Pero Él insistió. Miraba en todas direcciones. La estaba buscando.

Ella cayó de rodillas. Temblaba. Tenía miedo. Si la gente se enteraba que había tocado al Maestro, podían apedrearla. Pero no podía esconderse más.

—Fui yo, Señor —dijo con la voz quebrada—. Tenía flujo de sangre… desde hace años… y creí que si tocaba tu manto…

Jesús la miró, y en sus ojos no había asco. No había ira. Solo ternura. La levantó con cuidado. Y con una voz tan suave que el alma se rendía al oírla, le dijo:

—Hija, tu fe te ha salvado. Vete en paz. Quedas sana de tu aflicción.

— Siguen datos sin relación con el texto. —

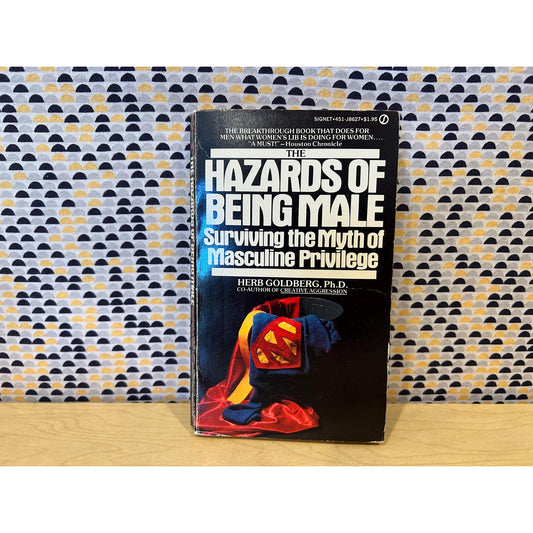 The Hazards of Being Male - Surviving the Myth of Masculine Priviege - Herb Goldberg - Vintage Paperback Book - Signet Edition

La palabra "hija" fue el milagro más grande. Porque en doce años nadie la había llamado así. No solo había sido sanada… había sido restaurada. En el alma, en la carne, y en la comunidad.

Y mientras el Maestro siguió su camino hacia la casa del principal, ella se quedó de pie, entre la multitud que ahora la miraba con otros ojos.

No era más la mujer del sangrado. Era la mujer de la fe.

 Epilogo

 A veces, como aquella mujer, también nosotros llevamos años cargando con dolores que nadie ve, heridas que no sangran por fuera, pero que nos debilitan por dentro. Como ella, nos sentimos impuros, cansados, descartados… invisibles.

Pero este relato nos recuerda algo poderoso: Jesús ve al que nadie ve. No se conforma con que alguien reciba un milagro en secreto. Él quiere mirarnos a los ojos, restaurar nuestro valor, devolvernos un nombre, una identidad, una dignidad.

No fue el manto lo que sanó a aquella mujer. Fue su fe. Y no una fe perfecta, sino una fe valiente, que se atrevió a tocar a Jesús cuando todos decían que no podía.

Hoy también Él sigue esperando en medio de la multitud… por los que se atreven a creer que basta con acercarse a Él.